RAW DATA ::
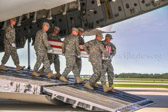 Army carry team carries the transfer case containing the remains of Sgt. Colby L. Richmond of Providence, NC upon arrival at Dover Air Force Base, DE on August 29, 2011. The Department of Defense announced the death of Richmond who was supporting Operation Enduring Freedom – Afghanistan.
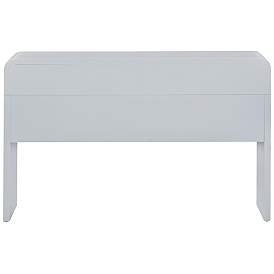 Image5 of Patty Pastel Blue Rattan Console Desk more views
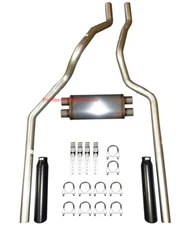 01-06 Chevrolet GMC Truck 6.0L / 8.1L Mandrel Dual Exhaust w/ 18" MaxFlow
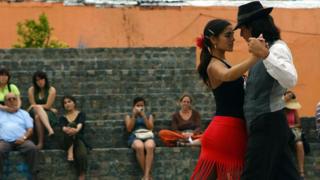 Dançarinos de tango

TASK ITEM ::
Starting with the line that holds "01-06 Chevrolet GMC", copy every line exactly through the final line of the material, but skip the pictures.

ANSWER TO THE EXERCISE ::
 01-06 Chevrolet GMC Truck 6.0L / 8.1L Mandrel Dual Exhaust w/ 18" MaxFlow
 Dançarinos de tango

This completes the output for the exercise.